Don't expect a sudden spurt of expanded product development with the IPO. Having raised in excess of $300 million in venture funding, the company already had the resources for building product. The bulk is likely to be funneled into expanding its global market presence.

Admittedly, the first day of trading is no predictor; while Cloudera and Hortonworks shares didn't measurably increase their prices for several days, the flatness of their share prices (after several spikes) since then have largely been attributable to secondary financings and slower-than-expected growth.

But there is a key difference between Mongo and the Hadoop crowd: while ostensibly open source, in actuality, MongoDB's business model is much akin to that of a proprietary software company. Developers can play with the code, but using an adaptation of the GNU Public License, developers must contribute code back to the community, which happens to be led by Mongo. There's no Apache community to deal with.

Another difference is that unlike Hadoop, MongoDB is known as an easy to use database. That should prime its market for faster growth.

In its S-1 statement, MongoDB stated that its database "was built by developers for developers." That has proven a double-edged sword. Like MySQL before it, MongoDB's developer-friendliness has often made it guilty until proven innocent in the eyes of enterprise IT. We've been following MongoDB's progress in building out enterprise-grade security, governance, manageability, and integration features. Nonetheless, MongoDB trots out examples like Barclays Bank, where it acts as an operational data store that buffers the mainframe with retail banking transactions.

Over the past year, MongoDB's business has seen key boosts from poaching customers from relational databases, and sharp growth with its Atlas managed cloud service. Close to 30% of its new customers have moved over from relational databases. Like Cloudera and Hortonworks, land and expand is very critical to MongoDB's business; in recent quarters, net dollar expansion rate (which measures the growth in contract size when customers renew) has hovered around the 120% level.

When we asked CTO Eliot Horowitz to comment on a rival's assertion that "the relational database era is passing," he did not disagree. But Horowitz's criterion - that relational databases are not suited for the "majority" of use cases, does not mean that relational databases are passé. While MongoDB (and other NoSQL databases) are adding connectors to BI and Spark computing, that does not make them data warehouses.
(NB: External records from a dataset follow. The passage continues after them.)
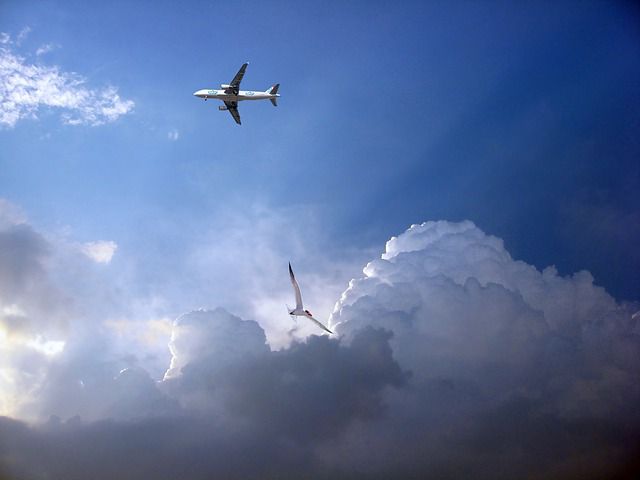 Rund 70.000 Vögel mussten für Flugzeuge sterben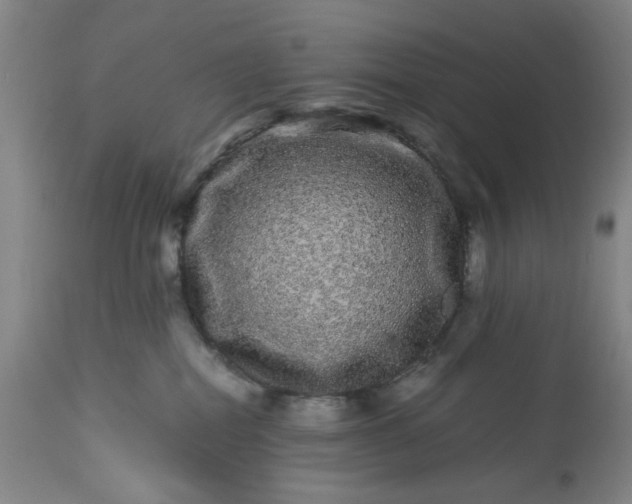 X0000113240282200909241554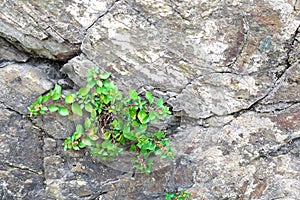 Little green sprout, flower, plant grows through asphalt ground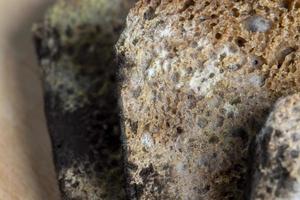 Black rye bread covered with black mold photo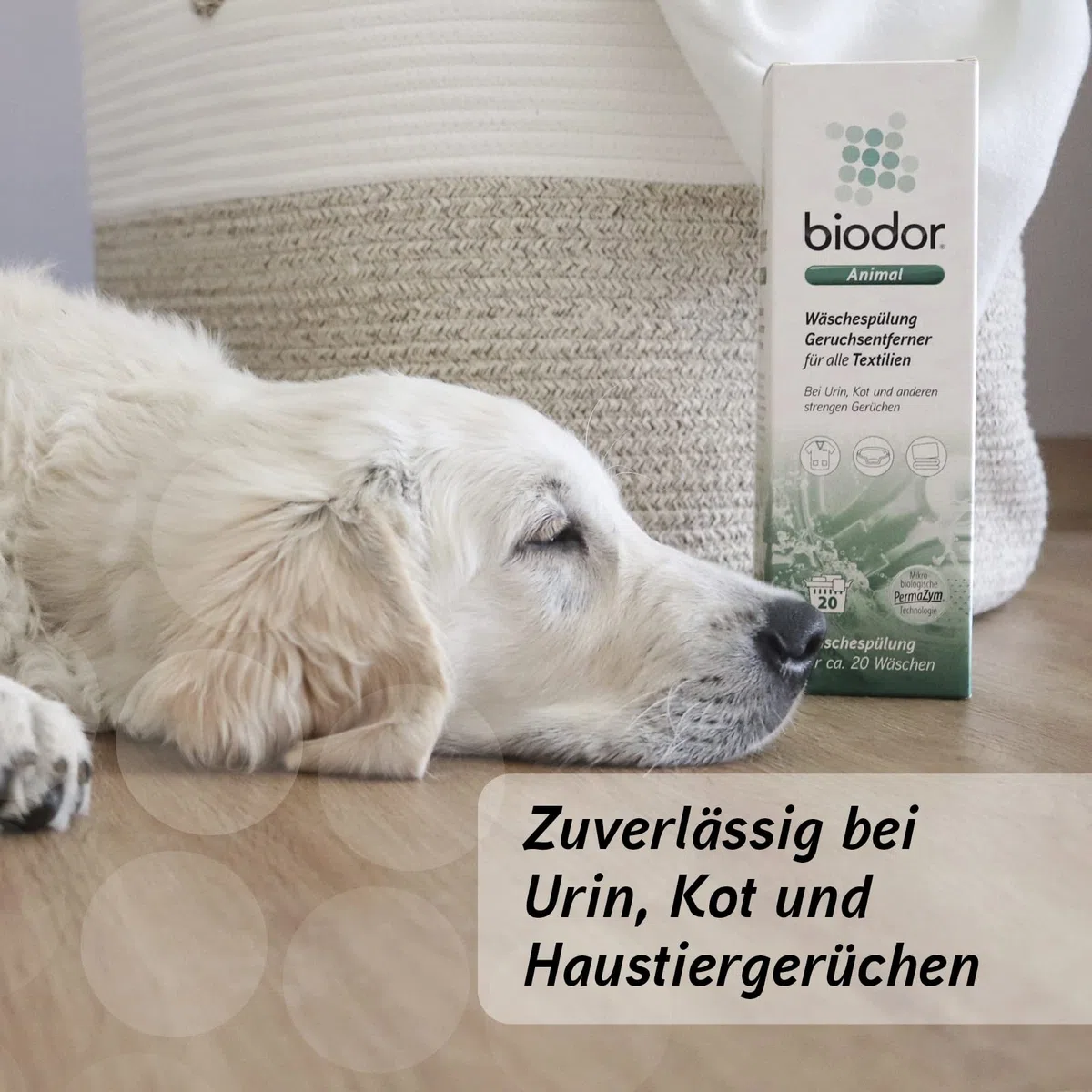 Biodor Animal, balsamo per bucato, 1 l, neutralizzatore di odori, detergente per Ambienti Animali, detergente Enzimatico, urina, feci e Altri odori severi, smacchiatore e Pulizia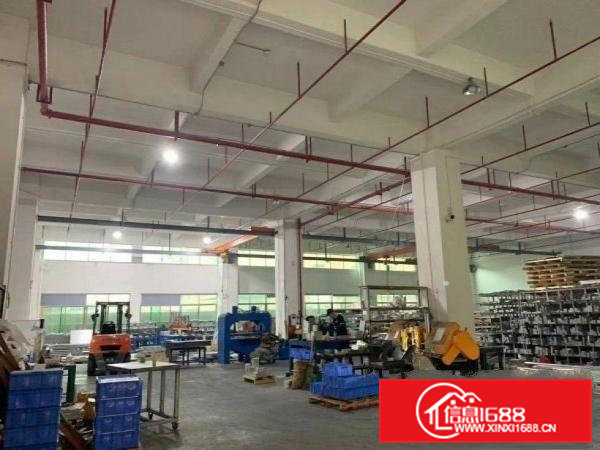 小捷滘附近新出原房东一楼1200平厂房出租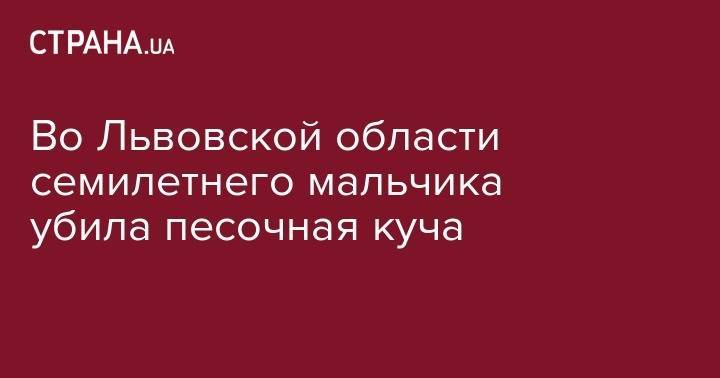 Во Львовской области семилетнего мальчика убила песочная куча - strana.ua - Украина - Львов - Львовская обл. - район Золочевский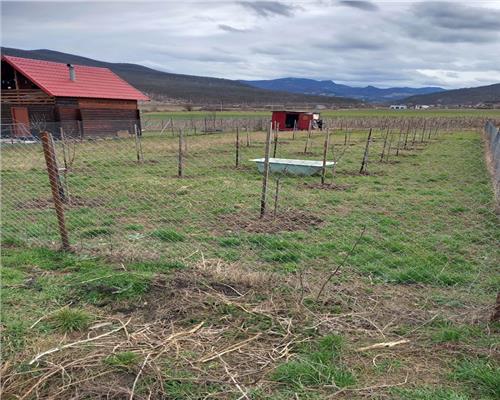 Cabana de vanzare in Sard cu teren de 574 mp teren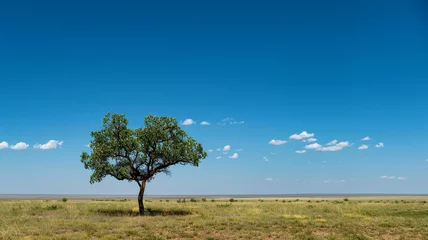 Fototapeten A solitary tree standing tall against the vast expanse of a sunny, cloudless sky. © CREATER CENTER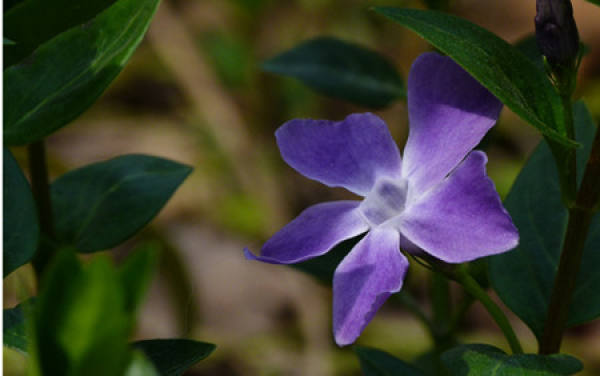 The Propagation Way of Vinca by Sowing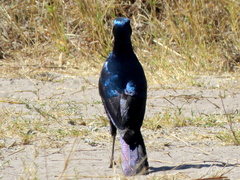 Lamprotornis australis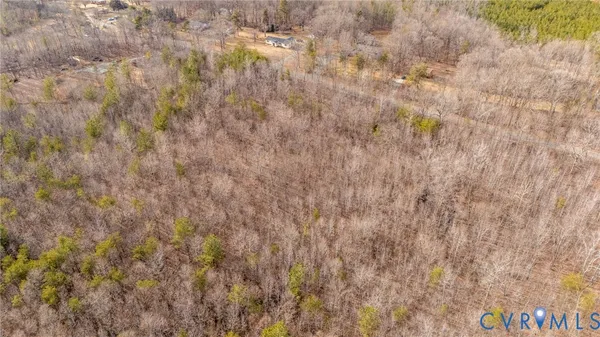 a close up view of a plant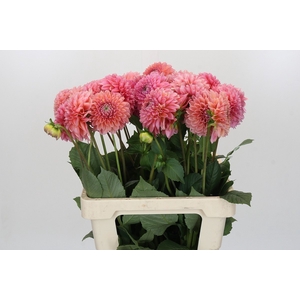 Dahlia Linda's Baby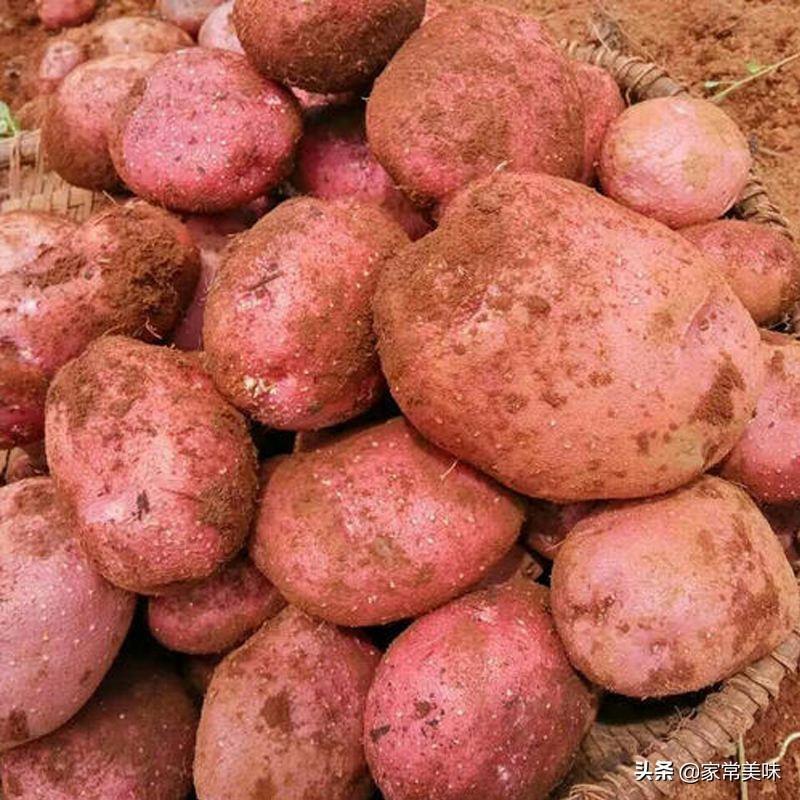 马铃薯产地在哪里，中国最好吃的土豆排名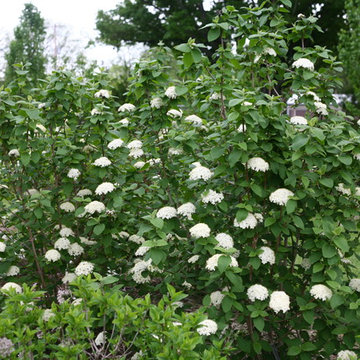 Red Balloon™ Viburnum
And the same is true for classic ACID transaction databases that are used for balancing the books. Point taken, however, that while an organization will run its transaction on one (or a handful) of SQL OLTP databases, there are likely to be more new use cases for databases that won't require such architectures.

Another key point of growth is the cloud. As of the end of Q2 2017 (July 31), Mongo had over 4300 customers, roughly 1900 of which are using Atlas. According to CFO Michael Gordon, the bulk of Atlas customers are net new to MongoDB.

For players like MongoDB who serve on-premise and cloud customers, the cloud can be a double-edged sword. With Atlas now available on each of the three major clouds (it debuted on Amazon), the cloud has become a classic case of coopetition. They are pivotal to Atlas, but they also compete with their own NoSQL databases. It's the tradeoff between cloud-native proprietary databases that are designed for a specific cloud provider vs. general-purpose cloud-friendly database that can support hybrid deployments and provide the freedom of choice between clouds.

And with Microsoft Azure Cosmos DB providing a good example, MongoDB is going up against databases that are native to the cloud. Cosmos DB differentiates itself as a multi-model database that can run as a single logical instance across multiple regions, with a tunable consistency model. MongoDB has responded with support for cross-region replication.

Because it is poaching a growing proportion of workloads from relational databases, MongoDB tends to see the usual suspects of enterprise databases as its prime rivals. But as enterprises embrace the cloud, we expect more fancy footwork with its frenemies.